Today, near the Volland Store, as a part of Dowell’s design-build studio at the university, an abandoned Sears kit house is being renovated for use as an artist’s residence. In Matfield Green, the Center for Living Education, the nonprofit that runs the Bank, recently raised the money to purchase the bank building and is undertaking a much-needed renovation. These are positive signs, as is the easing tension between ranchers and environmental groups, which Jane Koger told me has lessened partly because of the Nature Conservancy’s vocal support for prescribed burns. “To have a science-based environmental group on our side gave us a voice we wouldn’t have had otherwise,” Koger said, “because you’re not going to get that through the Kansas Livestock Association or the Farm Bureau.”
After the reception at the Volland Store, where I had met the elderly gentleman with his folder of photographs, my wife and I and a group of friends drove along Highway 177 south to Matfield Green. It was dark by the time we arrived. We sat on the porch of Derek and Katherine’s house, talking and drinking beer and wine and whiskey. Like everything else in the old town, the building had lived numerous lives, used variously as a lumberyard, a creamery, a dormitory. Now, a house for two designers. It made me think about time and the way it seemed not linear but cyclical, and the way those cycles were necessary to understanding the Flint Hills. I thought about how, in a community like Matfield Green, the distinction between public and private seemed to dissolve. Porches become shared territory. A sculpture walk becomes the town jogging path.

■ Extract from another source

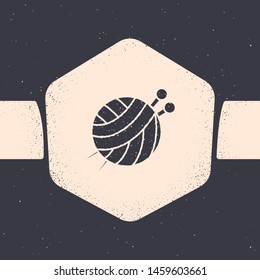Grunge Yarn ball with knitting needles icon isolated on grey background. Label for hand made, knitting or tailor shop. Monochrome vintage drawing. Vector Illustration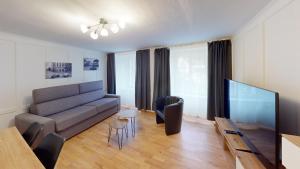 ein Wohnzimmer mit einem Sofa und einem Flachbild-TV in der Unterkunft Zentrale 2,5 Altstadtwohnung - Boxspringbett - Smart TV in Chur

As the evening stretched on, townspeople stopped by, including Derek and Katherine’s next-door neighbor, Kelly, a champion finger-picker. For an hour, Kelly played his guitar and sang, joined at various times by others who had instruments at hand. He sang “Home on the Range,” and I thought of Jane Koger sitting in her house, surrounded by nothing but tallgrass, and how a birthday party could snowball into one of the most anticipated events in an entire state. The night deepened into a purplish-black that erased everything outside the warm yellow circle of the porch light. I couldn’t see the town or the hundreds of miles of tallgrass prairie that unfurled in every direction from it. But I knew it was there. I could see it even in its absence. I imagined it, newly burned and verdant, stretching south to Texas and north to Saskatchewan, the way it once did. And in that moment, this place really did feel like the middle of everywhere.